+++ Data below
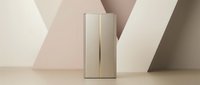 Modern beige refrigerator with sleek handles against geometric pastel background for contemporary kitchen design and home appliance advertising.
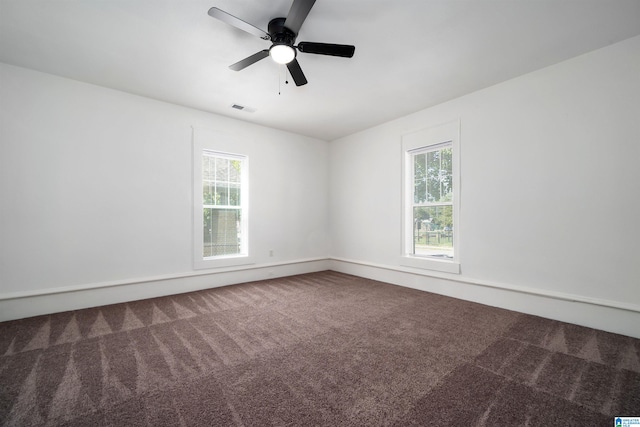 carpeted spare room with ceiling fan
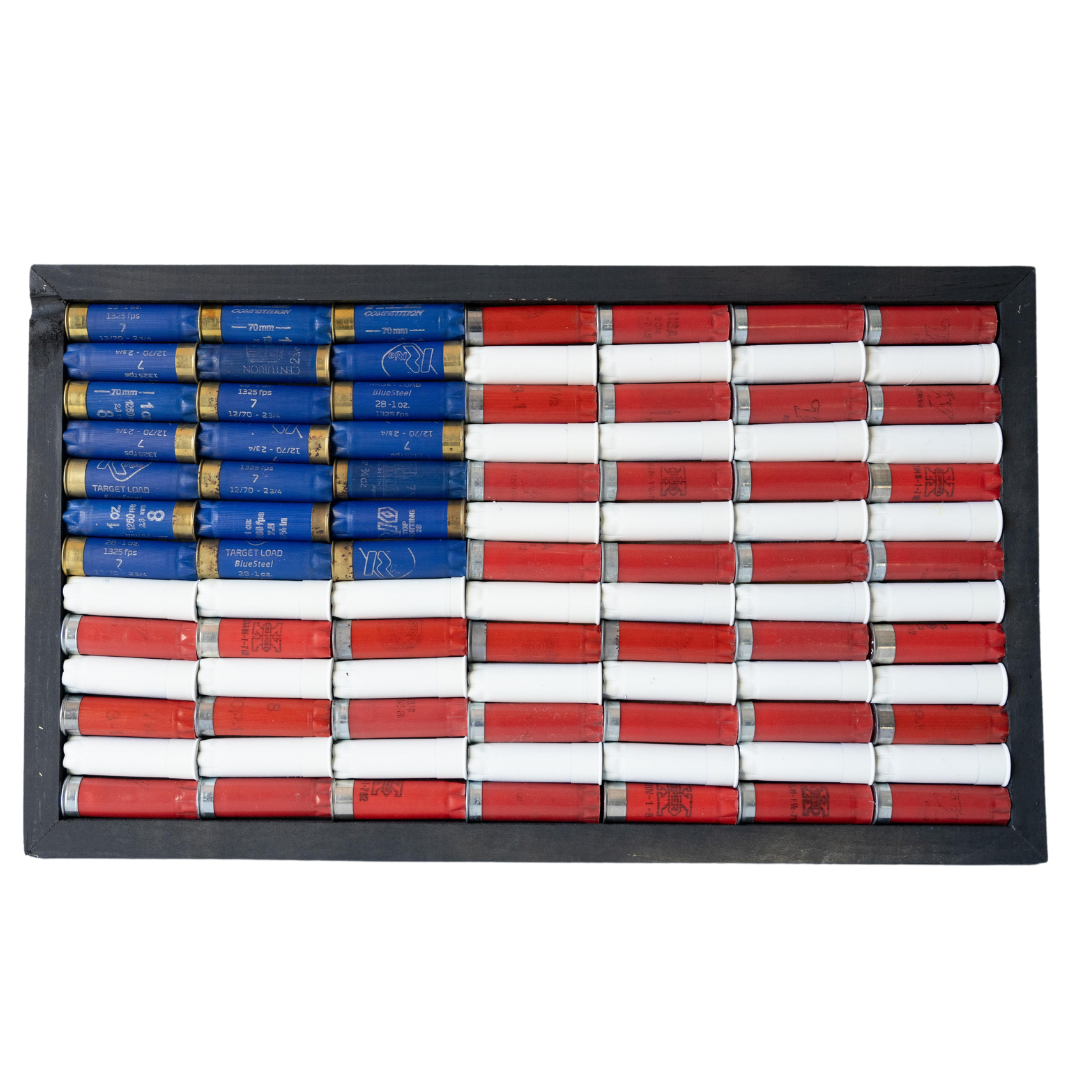 Framed art of red, white, blue shotgun shells forming an American flag.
++++++
## Task prompt
Would you transcribe all of the data exactly, omitting any pictures?

## Exercise response
 Modern beige refrigerator with sleek handles against geometric pastel background for contemporary kitchen design and home appliance advertising.
 carpeted spare room with ceiling fan
 Framed art of red, white, blue shotgun shells forming an American flag.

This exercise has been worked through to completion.